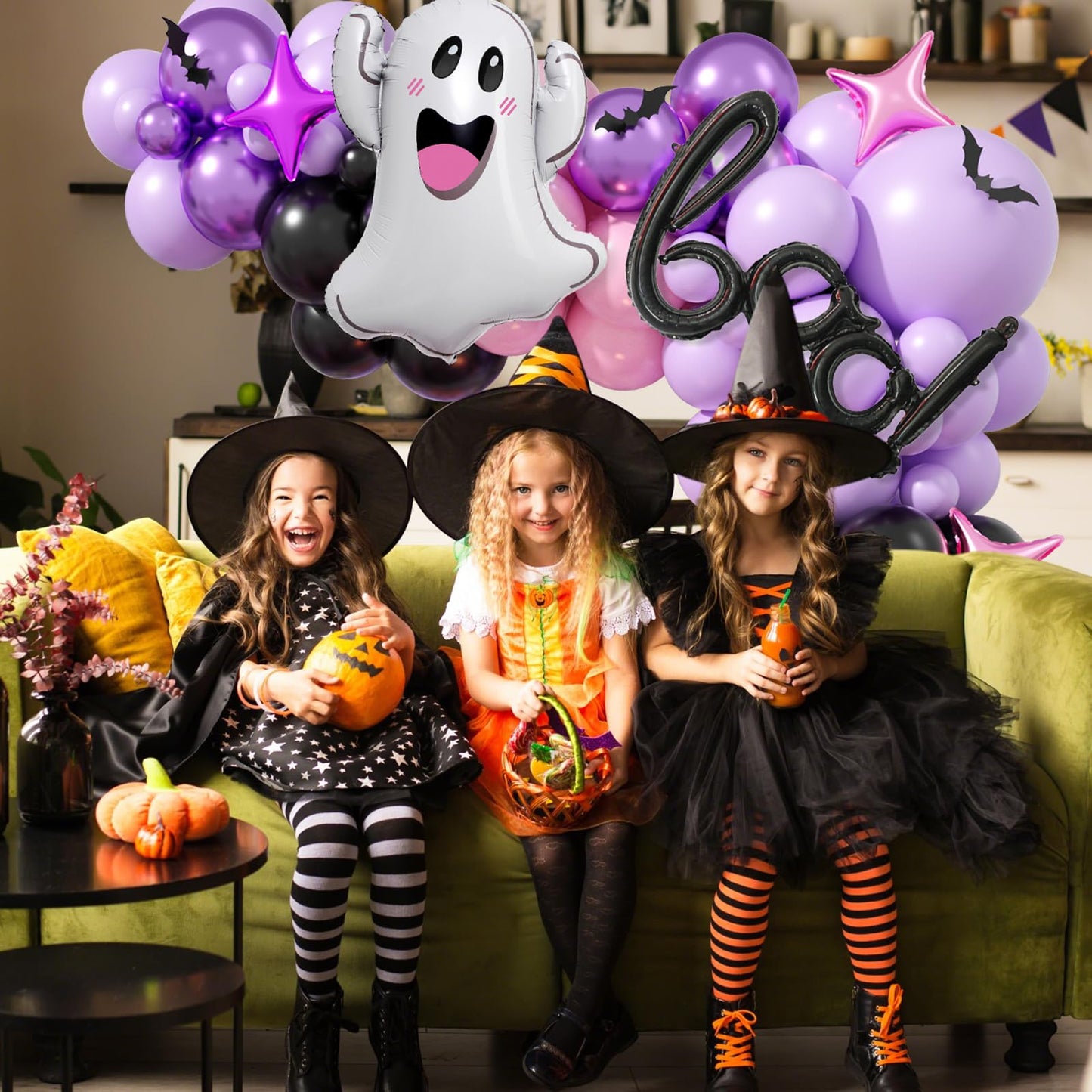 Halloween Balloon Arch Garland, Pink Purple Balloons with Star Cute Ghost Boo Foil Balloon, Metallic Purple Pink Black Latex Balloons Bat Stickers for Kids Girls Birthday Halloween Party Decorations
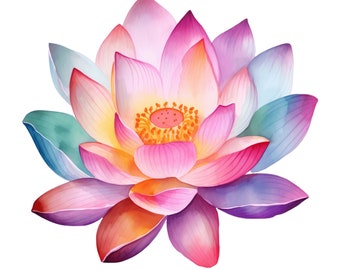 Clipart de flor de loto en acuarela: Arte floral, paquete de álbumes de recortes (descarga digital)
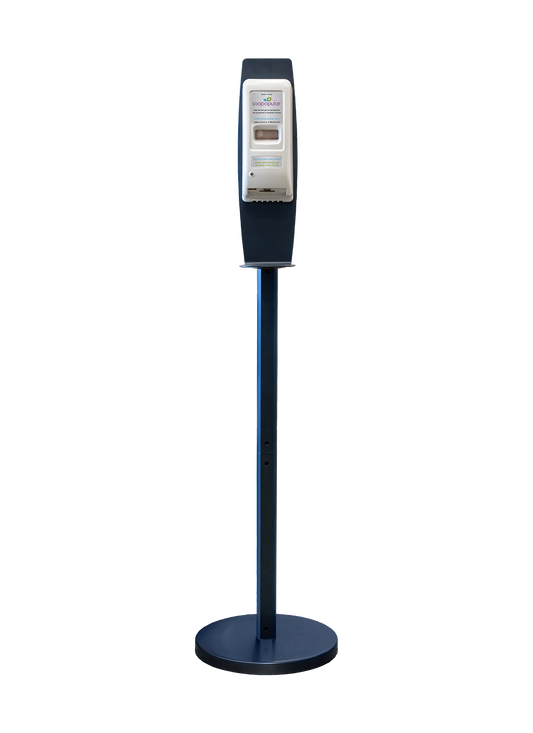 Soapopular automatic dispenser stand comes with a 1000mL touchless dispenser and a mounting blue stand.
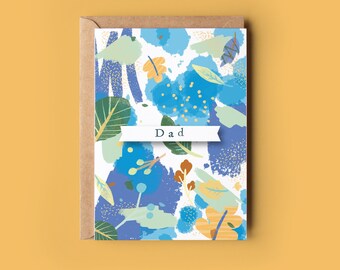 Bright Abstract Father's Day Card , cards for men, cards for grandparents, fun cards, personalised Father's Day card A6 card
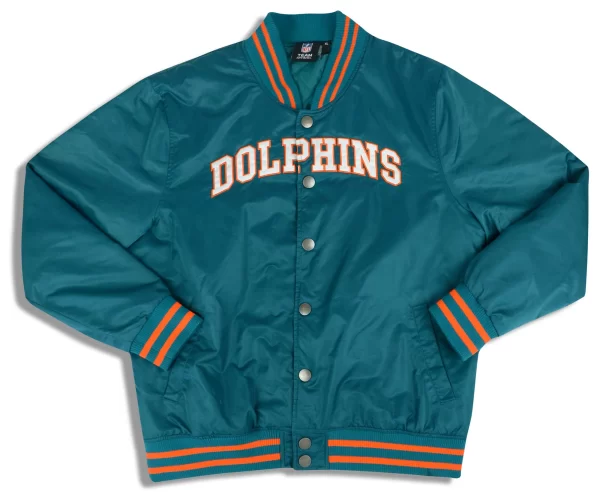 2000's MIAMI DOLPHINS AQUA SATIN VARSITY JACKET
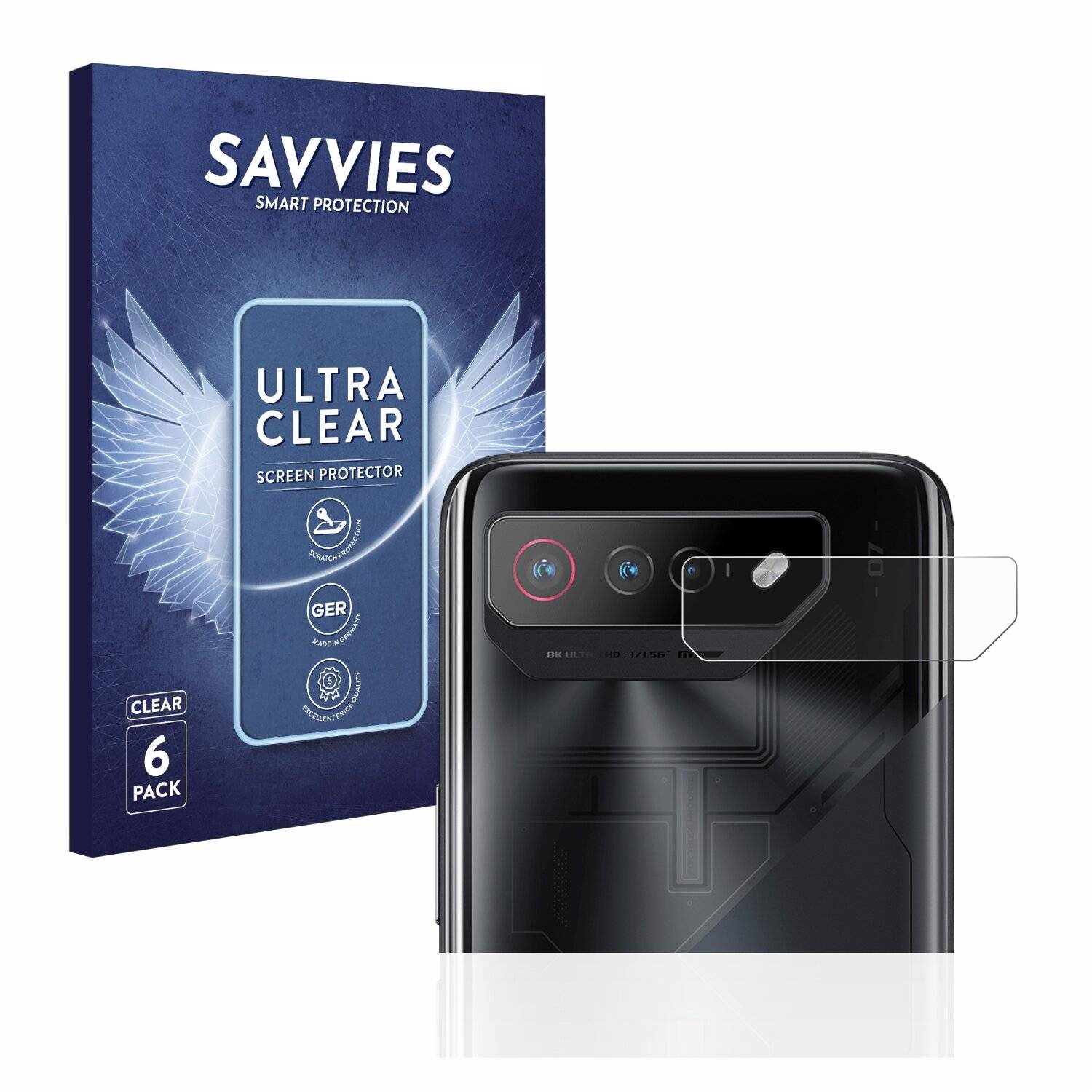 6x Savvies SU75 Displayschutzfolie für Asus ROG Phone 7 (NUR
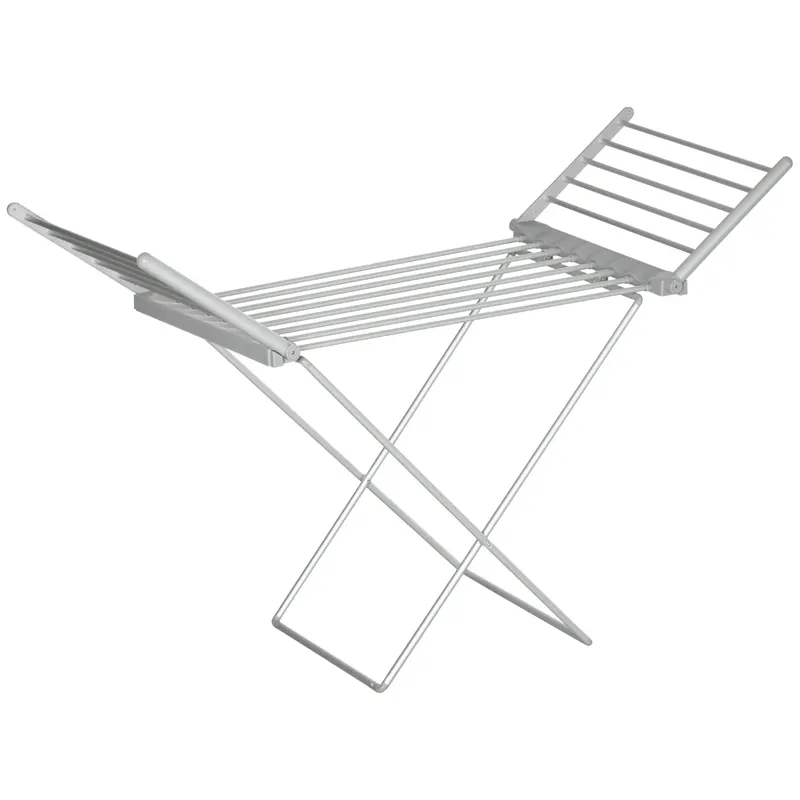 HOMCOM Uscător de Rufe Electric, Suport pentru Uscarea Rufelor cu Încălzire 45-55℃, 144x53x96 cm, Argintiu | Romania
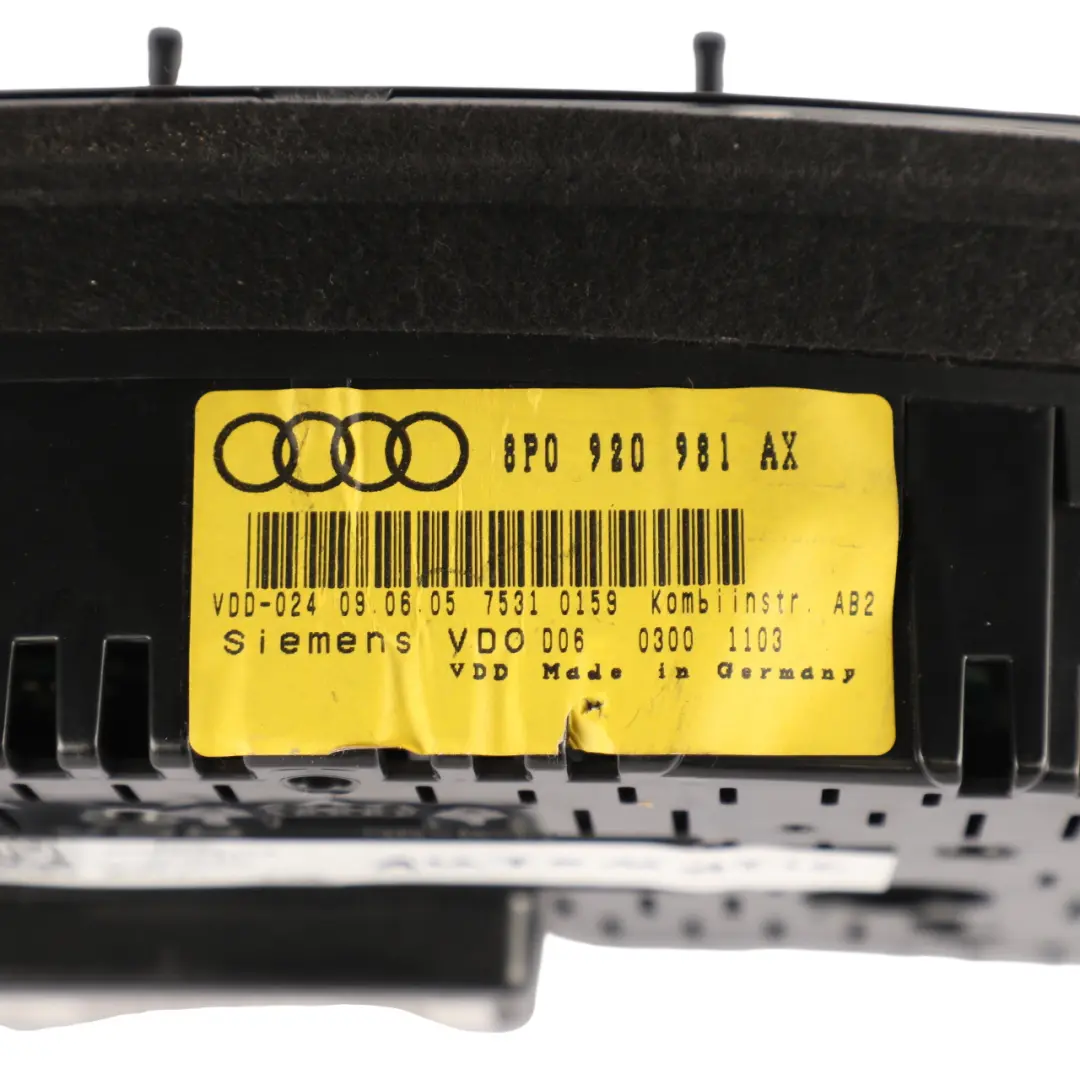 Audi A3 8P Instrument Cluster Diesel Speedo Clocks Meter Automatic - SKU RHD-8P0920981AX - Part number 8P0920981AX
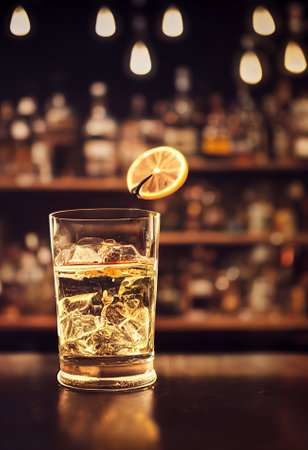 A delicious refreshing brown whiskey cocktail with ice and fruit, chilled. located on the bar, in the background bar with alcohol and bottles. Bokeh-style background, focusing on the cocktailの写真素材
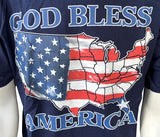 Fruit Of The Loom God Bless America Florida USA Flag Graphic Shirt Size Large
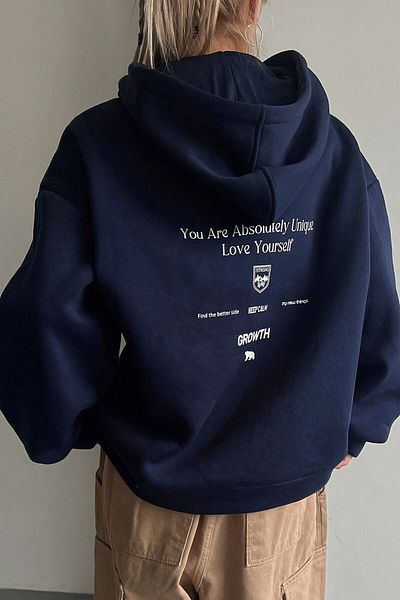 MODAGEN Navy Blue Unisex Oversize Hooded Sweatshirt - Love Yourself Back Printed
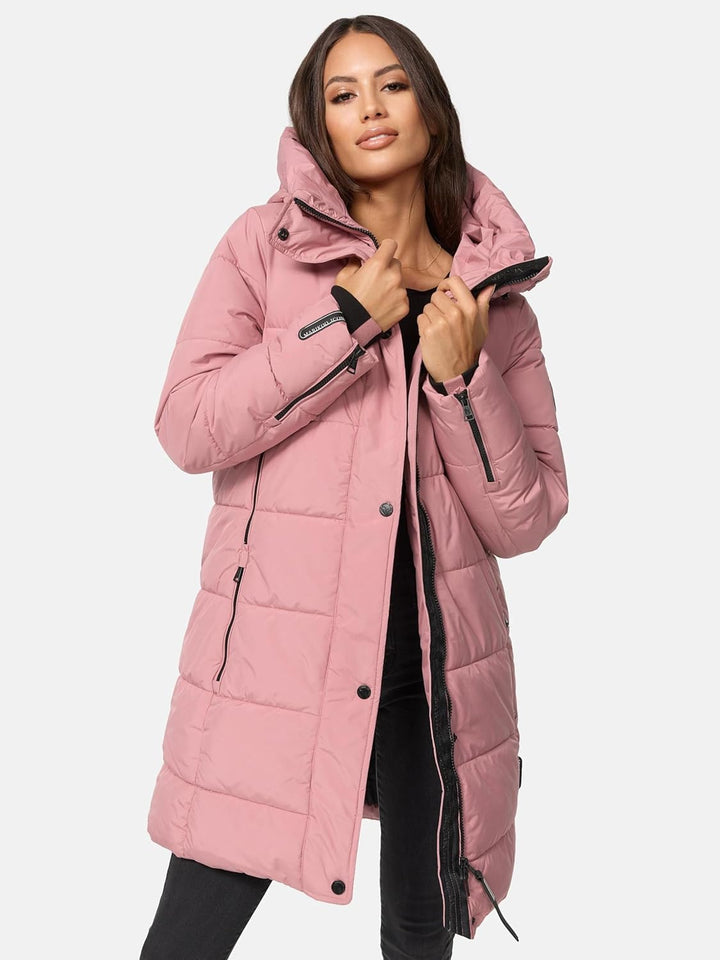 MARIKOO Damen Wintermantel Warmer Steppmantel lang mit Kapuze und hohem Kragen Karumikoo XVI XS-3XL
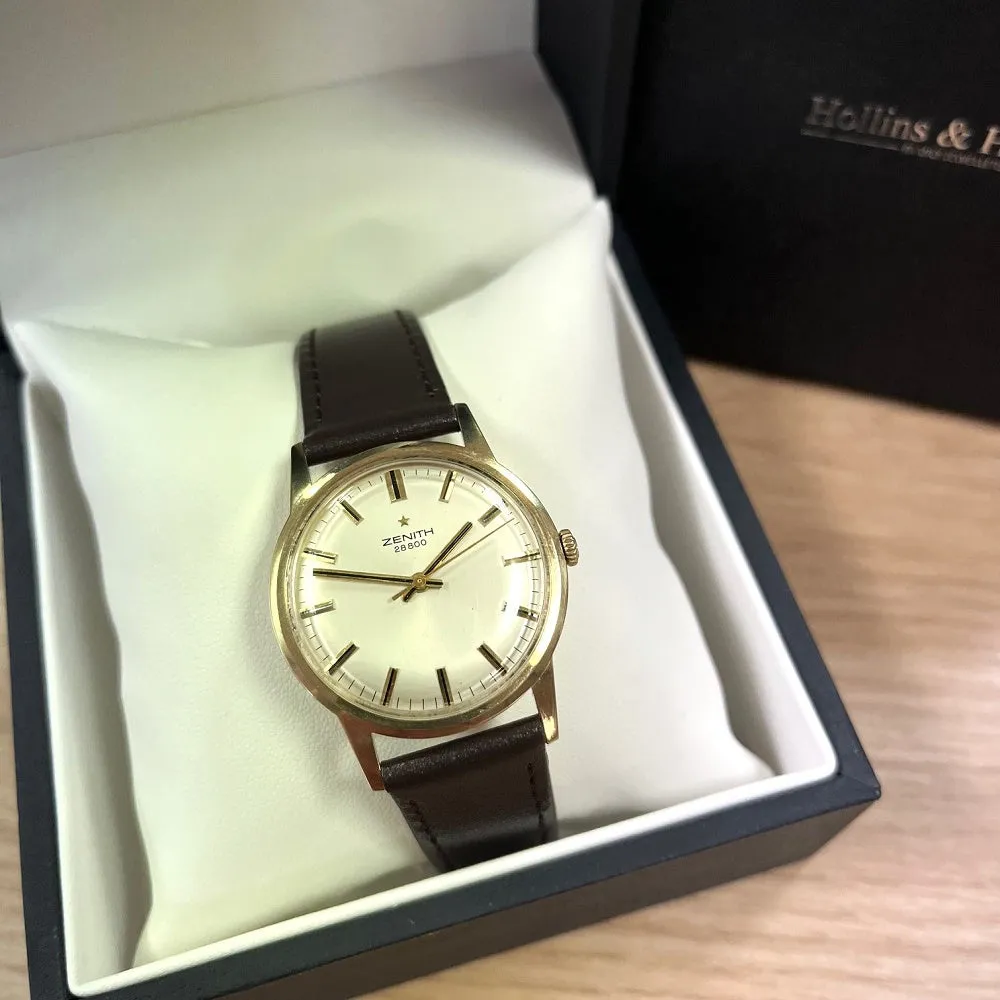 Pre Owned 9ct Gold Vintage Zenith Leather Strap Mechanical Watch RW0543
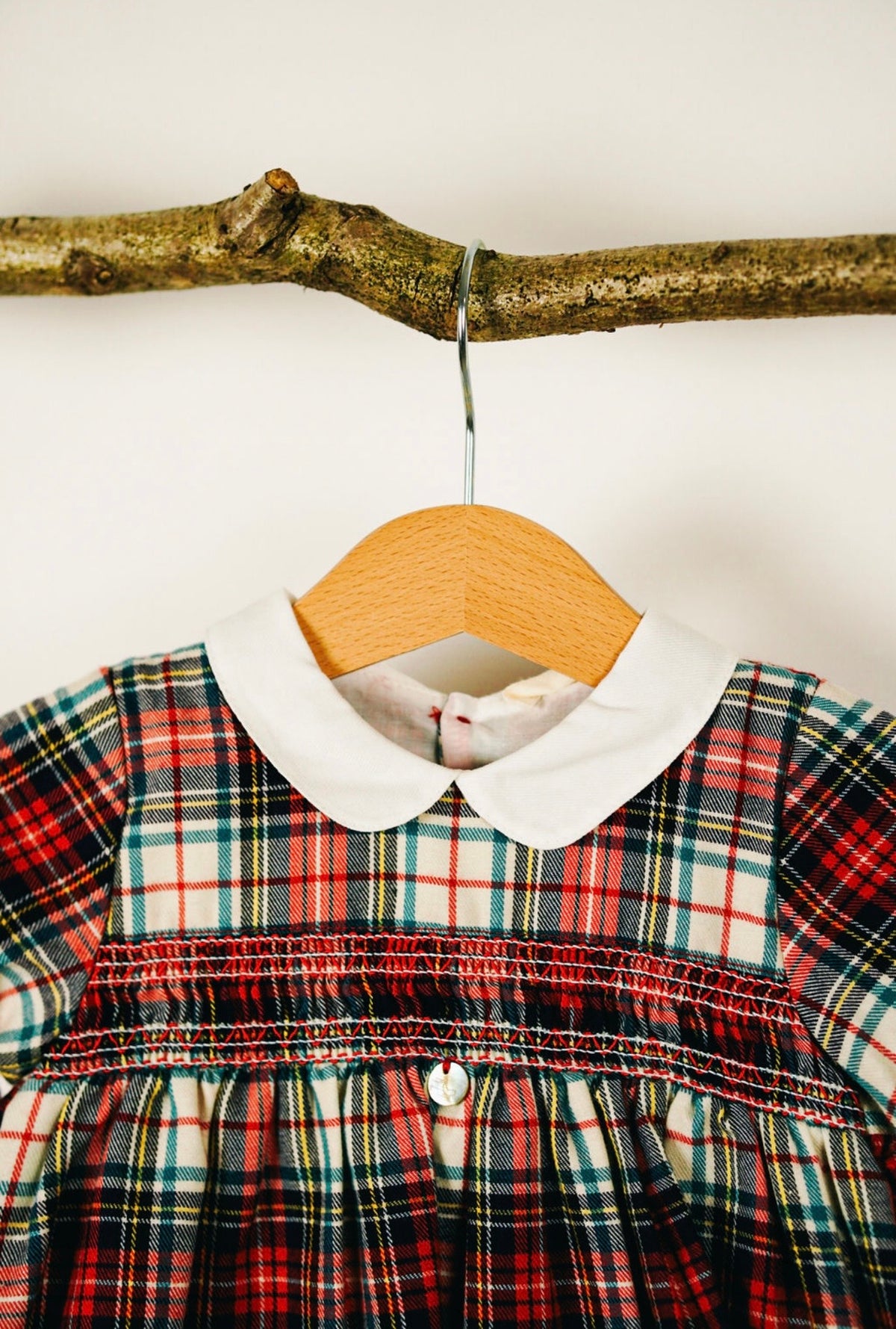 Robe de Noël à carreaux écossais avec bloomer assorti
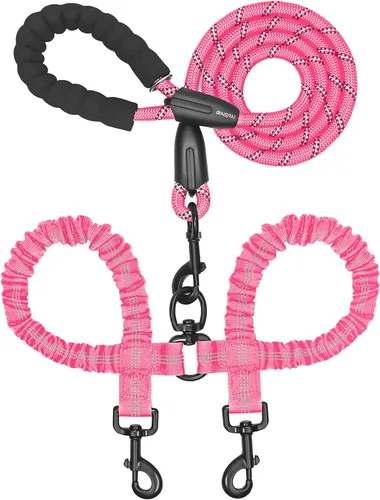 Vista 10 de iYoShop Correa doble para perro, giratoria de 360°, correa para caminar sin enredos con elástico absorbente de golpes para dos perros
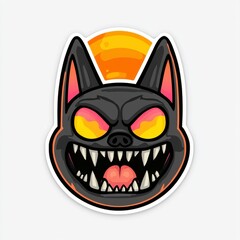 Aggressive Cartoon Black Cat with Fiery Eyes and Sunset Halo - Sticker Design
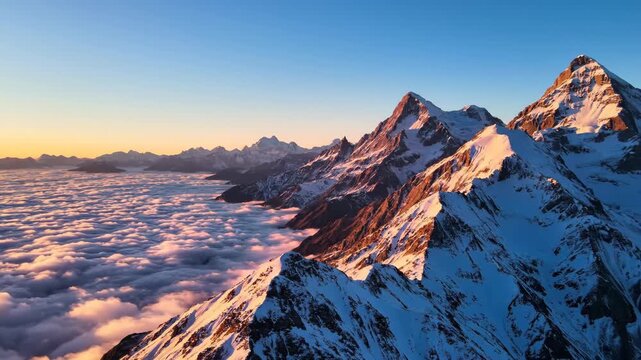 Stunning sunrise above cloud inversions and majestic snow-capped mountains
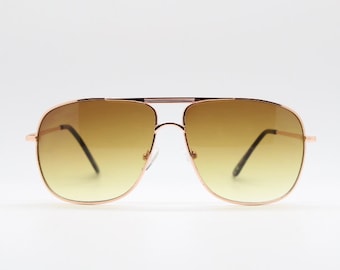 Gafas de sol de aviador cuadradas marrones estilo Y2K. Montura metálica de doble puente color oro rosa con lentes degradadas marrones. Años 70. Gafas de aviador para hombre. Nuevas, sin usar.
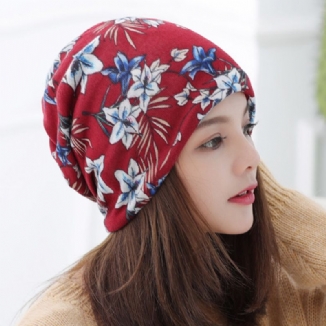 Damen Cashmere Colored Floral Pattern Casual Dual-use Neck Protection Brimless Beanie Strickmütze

++++++++

» **WHAT TO DO**
Word for word, print every record, and leave out any picture.

» **SOLUTION FOR THIS TASK**
 Halloween Balloon Arch Garland, Pink Purple Balloons with Star Cute Ghost Boo Foil Balloon, Metallic Purple Pink Black Latex Balloons Bat Stickers for Kids Girls Birthday Halloween Party Decorations
 Clipart de flor de loto en acuarela: Arte floral, paquete de álbumes de recortes (descarga digital)
 Soapopular automatic dispenser stand comes with a 1000mL touchless dispenser and a mounting blue stand.
 Bright Abstract Father's Day Card , cards for men, cards for grandparents, fun cards, personalised Father's Day card A6 card
 2000's MIAMI DOLPHINS AQUA SATIN VARSITY JACKET
 6x Savvies SU75 Displayschutzfolie für Asus ROG Phone 7 (NUR
 HOMCOM Uscător de Rufe Electric, Suport pentru Uscarea Rufelor cu Încălzire 45-55℃, 144x53x96 cm, Argintiu | Romania
 Audi A3 8P Instrument Cluster Diesel Speedo Clocks Meter Automatic - SKU RHD-8P0920981AX - Part number 8P0920981AX
 A delicious refreshing brown whiskey cocktail with ice and fruit, chilled. located on the bar, in the background bar with alcohol and bottles. Bokeh-style background, focusing on the cocktailの写真素材
 Fruit Of The Loom God Bless America Florida USA Flag Graphic Shirt Size Large
 MODAGEN Navy Blue Unisex Oversize Hooded Sweatshirt - Love Yourself Back Printed
 MARIKOO Damen Wintermantel Warmer Steppmantel lang mit Kapuze und hohem Kragen Karumikoo XVI XS-3XL
 Pre Owned 9ct Gold Vintage Zenith Leather Strap Mechanical Watch RW0543
 Robe de Noël à carreaux écossais avec bloomer assorti
 Vista 10 de iYoShop Correa doble para perro, giratoria de 360°, correa para caminar sin enredos con elástico absorbente de golpes para dos perros
 Aggressive Cartoon Black Cat with Fiery Eyes and Sunset Halo - Sticker Design
 Stunning sunrise above cloud inversions and majestic snow-capped mountains
 Gafas de sol de aviador cuadradas marrones estilo Y2K. Montura metálica de doble puente color oro rosa con lentes degradadas marrones. Años 70. Gafas de aviador para hombre. Nuevas, sin usar.
 Damen Cashmere Colored Floral Pattern Casual Dual-use Neck Protection Brimless Beanie Strickmütze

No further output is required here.